Mais apprendre ces compétences ne se fait pas en ligne. Certes l'enseignement en ligne permet de se familiariser avec les concepts, mais non pas d'acquérir des compétences. C'est pourquoi des approches comme le learning by doing (l'enseignement par la pratique) ou le design thinking deviennent si populaires.
Dans une démarche de design thinking, il ne s'agit pas de trouver une solution à un problème donné, mais de trouver d'abord le problème. Et on ne trouve pas le problème en consultant des informations en ligne ou des bases de données, mais en observant et en interrogeant de vrais gens, par un travail qui allie l'analyse et l'empathie. Une fois défini le problème, on explore des solutions sans garantie d'avoir raison, en faisant confiance à l'expérimentation plus qu'à la seule réflexion. Réitérer, c'est-à-dire reconnaître qu'on a eu tort, fait partie intégrante de la démarche.
Les concepts sont ici au service de la pratique et les étudiants n'apprennent pas comment il faudrait faire, mais le font. Allant plus loin que la méthode des cas, les étudiants vivent une expérience, ou plutôt apprennent à apprendre, à se remettre en question, à gérer des situations complexes, à imaginer et mettre en oeuvre.
Le rôle des pédagogues ici n'est pas de lancer la démarche et de laisser faire, mais de concevoir un scénario pédagogique, de donner les éléments de réflexion au moment où ils peuvent être mobilisés dans la pratique, d'aider les participants à réfléchir sur leur pratique.
Les professeurs ont longtemps pensé que leur travail consistait à transmettre des connaissances. Aujourd'hui, ce rôle est largement dévolu à cette bibliothèque en ligne universelle qu'est aussi Internet, ainsi qu'aux nouveaux formats d'enseignement en ligne.
Mais la mission fondamentale du pédagogue a finalement peu évolué depuis les Grecs : ago (ἄγω) signifiant conduire, orienter, emmener, guider. Aider à s'orienter, servir de guide, de soutien dans un monde incertain et complexe est une des plus belles missions qui soient. Mais c'est une mission dont l'objet et les modalités restent largement à repenser.

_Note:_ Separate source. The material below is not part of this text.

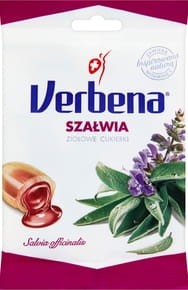 Verbena - Cukierki ziołowe szałwia - 60 g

Julien Lévy -Décembre 2018
1. Sous l'angle scientifique, ce discours est simplificateur : il considère de la même façon des individus différents en termes de sexe, de classe sociale, de niveau d'étude, de lieu d'habitation parce qu'ils partagent une même classe d'âge. Or, ni la sociologie, ni les études marketing ne constatent de disparition de l'influence des facteurs socio-économiques dans le comportement. Pourtant, malgré son aspect simplificateur, cette analyse par générations est et reste pertinente. L'environnement culturel et technologique influence les comportements individuels, et comme il évolue fortement dans le temps, il va affecter différemment des individus appartenant à des générations différentes.
2. Douglas Coupland, Generation X: Tales for an Accelerated Culture, St Martin Press, 1992.